16 June 2009

What's really going on 4: putting it all together

By Andrew Clifford

The combination of shared understanding of IT, long-term proactive management and evaluative theory is a powerful tool for addressing the problems and opportunities of IT.

Over the past three weeks I have written about how management of people, process and technology is not sufficient, and many IT problems and opportunities are not addressed.

I have suggested that structuring management around whole systems provides a useful common viewpoint. The remaining parts of this mental jigsaw are long-term proactive management and evaluative theory.

We know that it is cheaper and easier to be proactive: to prevent problems rather than fix them, and to grasp opportunities for improvement in a timely fashion.

To give some IT examples, it is cheaper to manage IT systems so that they are useful for longer, rather than to let systems decline quickly and replace them frequently. It is easy to keep systems well-documented, testable and well-maintained, but very hard to recover them once they start to decline. It is easy to plug occasional vulnerabilities in otherwise secure systems, but difficult to implement comprehensive security on insecure systems.

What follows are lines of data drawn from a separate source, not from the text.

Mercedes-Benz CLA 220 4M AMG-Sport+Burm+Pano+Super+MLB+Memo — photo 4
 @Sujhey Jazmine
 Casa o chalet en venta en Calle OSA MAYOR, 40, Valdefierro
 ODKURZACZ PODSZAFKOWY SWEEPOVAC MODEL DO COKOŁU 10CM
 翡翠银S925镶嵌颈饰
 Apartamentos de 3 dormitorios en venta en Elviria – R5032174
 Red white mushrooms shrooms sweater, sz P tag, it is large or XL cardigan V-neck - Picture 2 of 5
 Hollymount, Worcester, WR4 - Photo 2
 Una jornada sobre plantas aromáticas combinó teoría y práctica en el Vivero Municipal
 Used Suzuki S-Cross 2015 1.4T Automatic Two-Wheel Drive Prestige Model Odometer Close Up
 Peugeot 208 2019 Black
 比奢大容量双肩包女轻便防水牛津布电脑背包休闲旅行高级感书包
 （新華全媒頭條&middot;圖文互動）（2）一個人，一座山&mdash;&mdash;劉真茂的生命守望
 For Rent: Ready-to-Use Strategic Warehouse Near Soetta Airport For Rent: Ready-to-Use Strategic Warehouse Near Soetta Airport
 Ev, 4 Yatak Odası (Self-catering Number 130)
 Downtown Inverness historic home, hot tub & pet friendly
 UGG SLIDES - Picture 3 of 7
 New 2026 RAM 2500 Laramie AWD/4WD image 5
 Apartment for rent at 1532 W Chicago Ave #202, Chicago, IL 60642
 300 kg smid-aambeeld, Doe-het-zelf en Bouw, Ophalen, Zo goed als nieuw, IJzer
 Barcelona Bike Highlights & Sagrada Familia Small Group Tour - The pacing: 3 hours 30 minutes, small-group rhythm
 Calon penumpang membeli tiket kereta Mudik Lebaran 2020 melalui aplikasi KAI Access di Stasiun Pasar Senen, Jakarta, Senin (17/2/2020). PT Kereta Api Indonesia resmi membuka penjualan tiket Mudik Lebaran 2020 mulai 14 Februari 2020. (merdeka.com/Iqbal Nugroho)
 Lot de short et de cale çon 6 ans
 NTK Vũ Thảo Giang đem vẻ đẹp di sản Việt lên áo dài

In IT, we find long-term proactive management very hard. It is hard to make sense of everything that is going on across all the systems, and to identify, prioritise and justify the interventions that are needed. Proactive management is at best piecemeal. Inevitably we do not address all of the issues, and costs and risks increase dramatically.

This is where evaluative theory really helps.

You can base management on one of two types of theory. You can use an explanatory theory which describes how the people, processes and technology must be arranged, and then execute on that management. This is effective for common tasks such as project delivery and day-to-day operations. However, this approach requires both management effort to define and ongoing resourcing to execute. It is not suitable for the occasional, discretionary, responsive activities that proactive management demands.

An evaluative theory does not explain how things will be done, but describes what a good thing looks like. It is much easier to define an evaluative theory, and you do not need to do very much in order to manage. Assessment against an evaluative theory quickly identifies and prioritises what needs to be done. Because it looks at outcomes rather than the detail of implementation, an evaluative theory is much easier for a non-specialist to understand.

The combination of evaluative theory and a system view is very powerful. Instead of IT being a fragmented and mysterious complex of people, processes and technology, IT becomes a set systems, each with a set of understandable outcome measures or "qualities" (which is why we call this approach system quality management). This gives insight to make effective, justifiable recommendations for proactive management that can make a significant difference to IT.

What's really going on in IT? We don't have the management disciplines that we need to manage IT effectively for the long term. Our management of people, processes and technology is fragmented and inward-looking. We can fix this. Combining a system view (that everyone can understand) with evaluation (that identifies what needs to be done) gives the clarity and justification that we need to manage IT effectively for the long term.